字符串类型字段末尾有空格匹配问题

现象:如果字段的值末尾有空格,那么在根据这个字段去查询时,会出现“不精确”的匹配,去掉了末尾的空格。

查了下MySQL的文档,原来是取决于MySQL的collation规则,当然也和MySQL的版本相关。

针对MySQL 5.7以及之前的版本(https://dev.mysql.com/doc/refman/5.7/en/char.html),是这样的:

All MySQL collations are of type PAD SPACE. This means that all CHAR, VARCHAR, and TEXT values are compared without regard to any trailing spaces. “Comparison” in this context does not include the LIKE pattern-matching operator, for which trailing spaces are significant. This is true for all MySQL versions, and is not affected by the server SQL mode.

也就是说,在5.7版本以及之前的版本,在做查询比较时,CHAR,VARCHAR,TEXT类型的字段,会把末尾的空格去掉再比较,并且无法改变这个规则。如果一定要精确的匹配,可以使用“LIKE”而非“=”。

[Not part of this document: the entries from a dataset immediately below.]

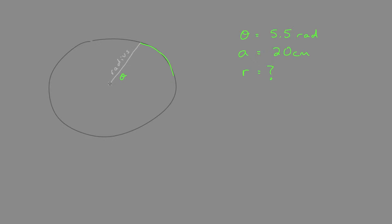So if this was a slice of pizza, the crust would be the same length as any of the two sides. It may not look like it in my quick sketch.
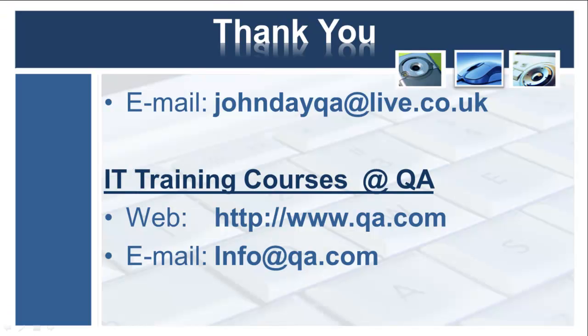Any comments or suggestions about my videos, you can use the comments box below or contact me via email johndayqa at live.co.uk. If you're interested in IT training, please contact QA at www.qa.com or via email info at qa.com.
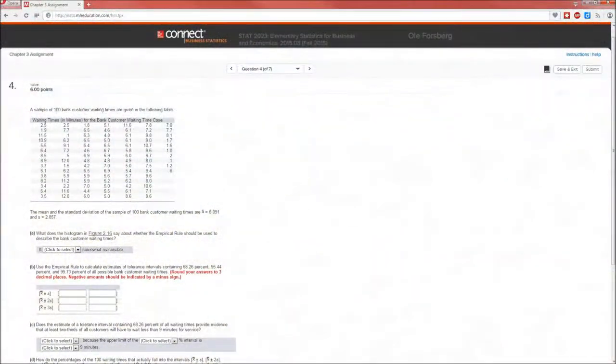Hello, and this week's Friday video is problem 4 from the chapter 3 assignment.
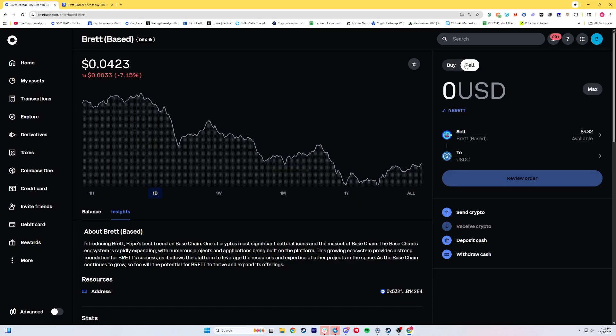The era of waiting for a token to be listed on Coinbase is over. Now you're going to be able to trade directly through the decentralized exchange Aerodrome directly from your Coinbase account. This gives you access to thousands and thousands of new altcoins that you can trade without them needing to go through a proper Coinbase listing process.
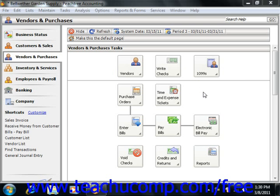The Purchase Orders window is the form used to order inventory items from vendors. You can receive the items as they are shipped in the Purchases/Receive Inventory window later. Purchase orders can be edited by adding or removing line items and do not actually affect the amount in the accounts payable account until you receive the items ordered.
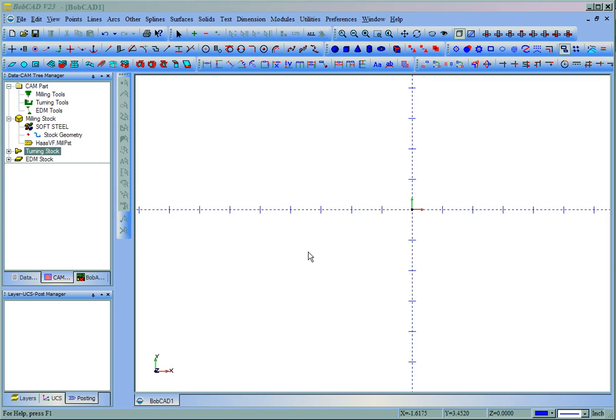In this video, we're going to look at how to simply add a toolpath, set it up, calculate it, and then post it out.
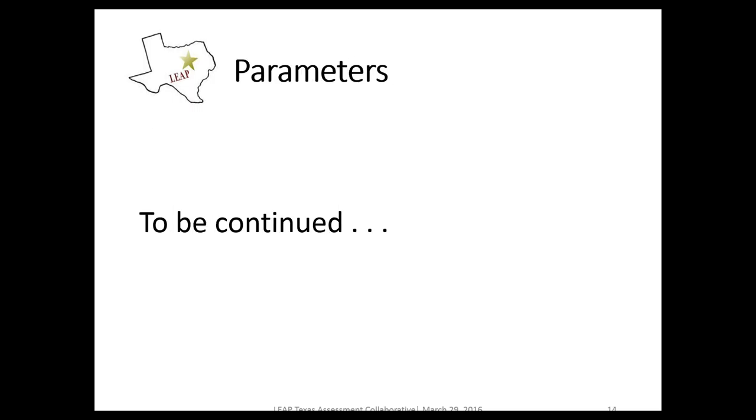We will talk a little more around parameters and analyzing assignments in the last section. But now we have a couple of guest speakers.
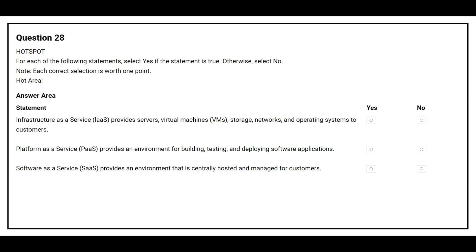Question number 28. For each of the following statements, select yes if the statement is true, otherwise select no. The first statement is: Infrastructure as a Service provides servers, virtual machines, storage, networks, and operating systems to the customers. The correct answer is yes. The second statement is: Platform as a Service provides an environment for building, testing, and deploying software applications. The correct answer is yes. The third statement is: Software as a Service provides an environment that is centrally hosted and managed for customers. The correct answer is yes.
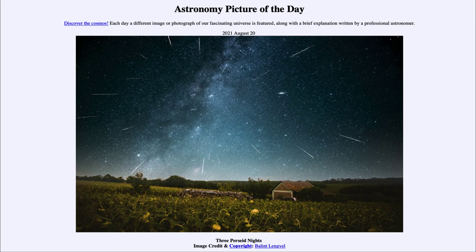So that was our picture of the day for August the 20th of 2021, titled Three Perseid Nights. We'll be back again tomorrow for the next picture, previewed to be mutual events — so we'll see what that is about tomorrow. And until then, have a great day everyone, and I will see you in class.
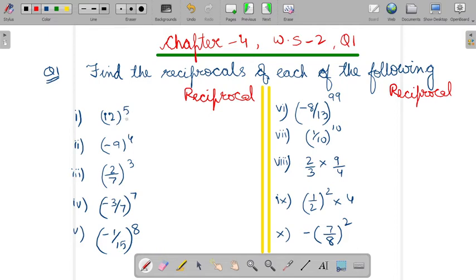Now, to write its reciprocal, what will you do? You will convert the base in reciprocal form. The base here is 12 upon 1, so you will write it as 1 upon 12 and the power will remain as 5. So, this will become the reciprocal. Basically, to write the reciprocal of the given exponential form, you will convert the base in reciprocal form.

而针对MySQL 8以及以后版本(https://dev.mysql.com/doc/refman/8.0/en/char.html),则是这样的:

Most MySQL collations have a pad attribute of PAD SPACE. The exceptions are Unicode collations based on UCA 9.0.0 and higher, which have a pad attribute of NO PAD. To determine the pad attribute for a collation, use the INFORMATION_SCHEMA.COLLATIONS table, which has a PAD_ATTRIBUTE column.

在MySQL 8之后,部分collation可以支持选择NO PAD,也就是说可以选择不忽略末尾的空格再比较。

在MySQL的系统表(INFORMATION_SCHEMA.COLLATIONS)中,可以查询PAD_ATTRIBUTE列的值,来查看不同的collation对应的规则。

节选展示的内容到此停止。